Negotiation teams in 20 countries
The senior State Department official said they expected to sign some of the bilateral compacts in early December. They noted that negotiation teams had visited 20 countries in the preceding days. They also said diplomats had been engaging on the ground in another 50 countries.
In addition to the bilateral agreements, the official said the strategy also includes “globally managed programs, particularly in the global health security space, responding to epidemics” and partnerships with organizations like the Global Fund.
They did not say which countries were close to finalizing agreements but said they aimed “to reach nearly all of the traditional health recipient countries, absent ones like South Africa, where there’s obviously a unique political dynamic.” The Trump administration has an extremely tense relationship with South Africa and has made unfounded accusations about genocide being committed there against White Afrikaners.

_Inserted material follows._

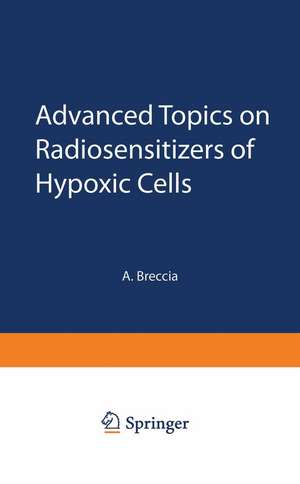 Advanced Topics on Radiosensitizers of Hypoxic Cells de A. Breccia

“What we’ve heard in a lot of these negotiations, as we go out there, the countries are really excited to be brought to the table, and for them to be taking over private responsibility for their healthcare system,” they said.
The senior State Department official said they had run successful pilot programs in Kenya, Zambia, and Nigeria.
The bilateral agreements will last for five years, but the specifics of the deals would be different based on each country, the official said. Some elements, such as data sharing, might be longer.
“We’re going to structure it like a modern private-sector contract,” the senior State Department official told CNN in a recent interview.
They want to “help incentivize countries to move towards the type of healthcare system that will allow them to develop and also deepen connections to the United States and create opportunities for US businesses,” they said.
Tuesday’s announcement of the “up to $150 million” for the drone company underscored the emphasis on creating opportunities for American businesses.
The data sharing element has raised some concerns among aid officials. A source told CNN that the standard compact asks countries to share their epidemiological data for 25 years, but some countries have negotiated fewer years of data transmission.
“It’s not a data-sharing agreement. It’s a data-giving agreement,” one senior aid worker said, expressing concerns that the information could be used to give a non-competitive advantage to American pharmaceutical companies, with new drugs and vaccinations not guaranteed to benefit countries most in need.
“It’s a lot more transactional than we’ve been before,” a senior government official working in global health told CNN. “For many years, we’ve criticized China for giving foreign aid that’s very transactional, very self-serving, traps countries into agreements that go beyond the amount of support they get, and this feels like we’re leaning into that kind of a posture.”